What will be the best way to use the Dual SIM for travel?
1) Get your primary phone plan on the embedded SIM and leave the real SIM tray available for local travel sims?
2) Keep your primary number on a physical SIM and dynamically subscribe to different carriers while traveling on the embedded SIM?
I guess it kind of depends on how many carriers will offer easy to subscribe to short term plans on the embedded SIM. Option 1 would give access to all international carriers, but would require a visit to a local store to set up a plan. Option 2 could be the easiest, but may have limited (or no) local carriers and plans might be more expensive than the real SIM options. Any ideas how this will shake out?
In my case, I travel quite often to various parts of the world. To the UK for work but also other countries in the EU, Asia, S. America etc for personal travel. I have a Three UK SIM that I keep active (since before tmo's free roaming) and have it on my 2nd phone. I hate having to carry 2 phones. So I will use the eSIM with my main number under TMobile since they support it and the physical SIM for when I travel.

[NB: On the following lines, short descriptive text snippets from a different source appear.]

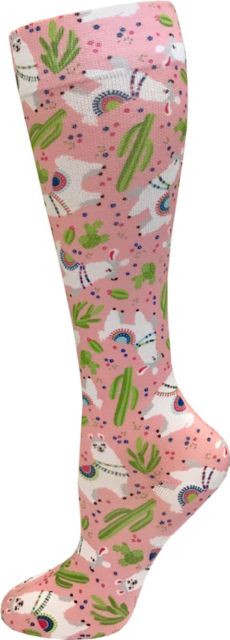 12IN SOFT COMFORT COMPRESSION SOCKS-LLAMAS PINK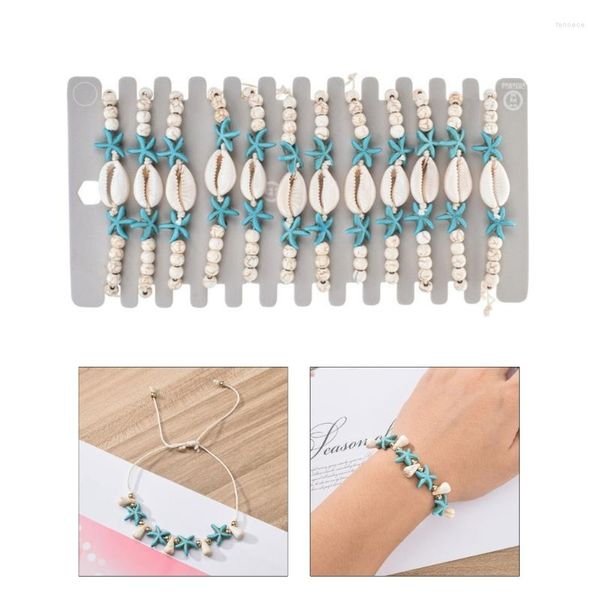 Link Armbänder 12 teile/los Böhmischen Charme Geflochtene Armband Für Frauen Kind Perle Einstellbare Seil Kette Fußkettchen Schmuck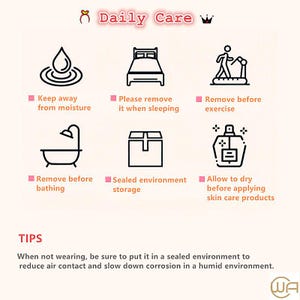 Pode incluir: Um gr&aacute;fico informativo intitulado Daily Care com seis &iacute;cones de linha preta ilustrando o cuidado com joias: manter longe da umidade, remover ao dormir, remover antes de exerc&iacute;cios, remover antes do banho, armazenamento selado e secar antes de aplicar produtos.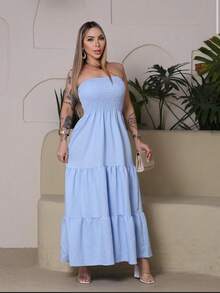 Look Of Millions!!! Long Strapless Dress With Floral Print - Celeste - Ver 3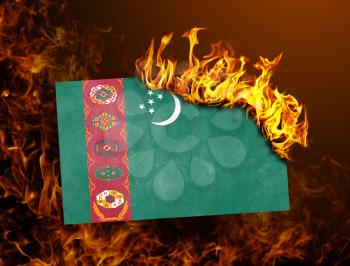 Flag burning - concept of war or crisis - Turkmenistan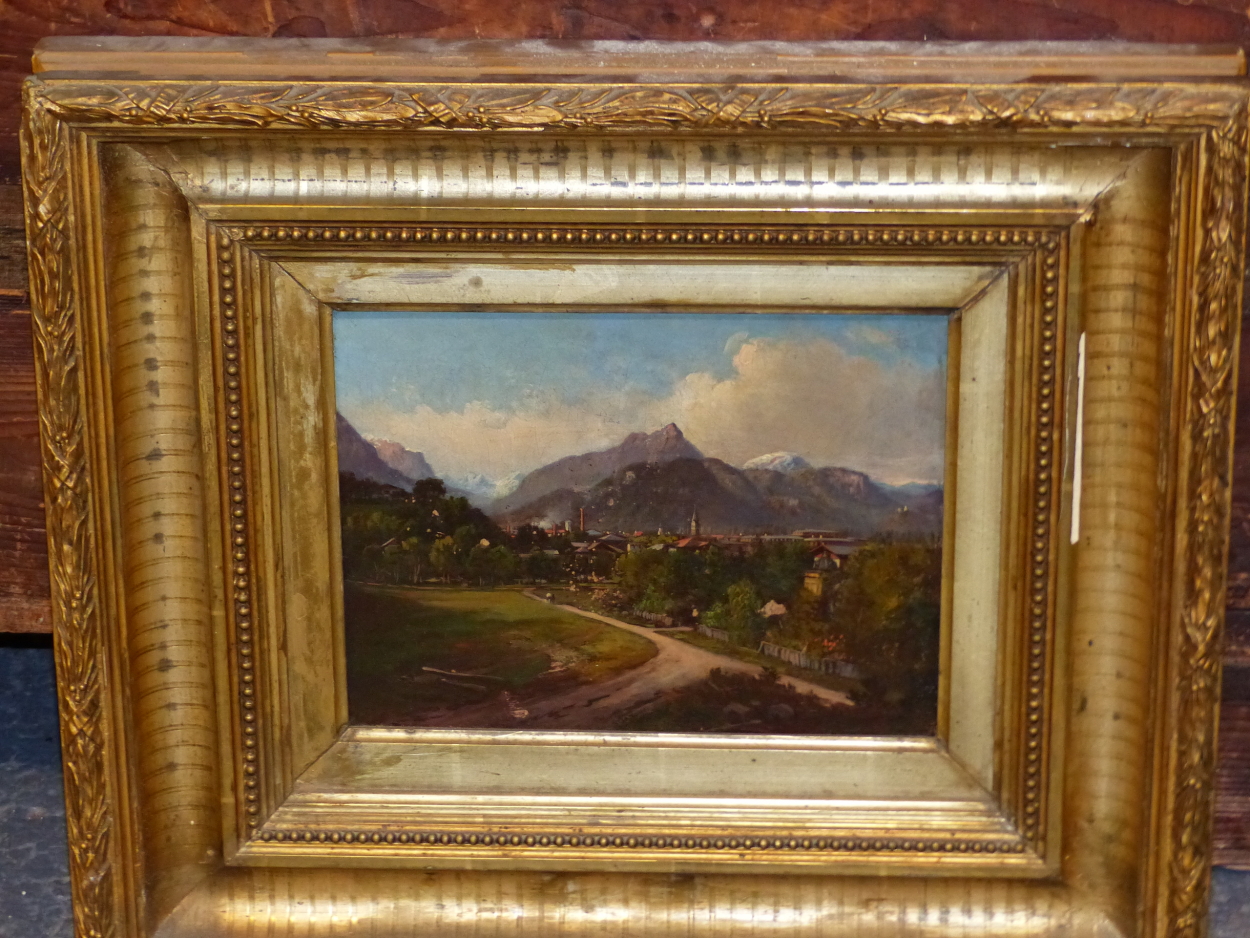 19th C. EUROPEAN SCHOOL, AN ALPINE TOWN VIEW, INDISTINCTLY SIGNED, OIL ON CANVAS, 19.5 x 25.5cms. - Image 5 of 6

Three does not support eSIMs and it is not yet wide spread. Only EE in the UK supports it.
Both TMO and Three have international roaming included in their plans so for the most part, I'm safe there. Being able to keep my US # active is important since that is the main way friends & family contact me. In the UK, TMO data roaming is slow, but fine. So I still top up the Three SIM for fast data when overseas since it is relatively cheap - currently I swap the SIM out between phones depending on the country I'm in. Cheaper phones calls in the UK this way also.
So if your main carrier supports eSIM, use it. When traveling, it's really easy to pick up a SIM and pop it in. Except France. Why do you need my passport, France??
If you don't really travel often or only to places that support the eSIM and don't need to keep the number, eSIM should be easy to activate if it works the same way the Apple SIMs in iPad do (I'm assuming this was part of their testing for eSIM compatibility).
Did any of this make sense to anyone other than me?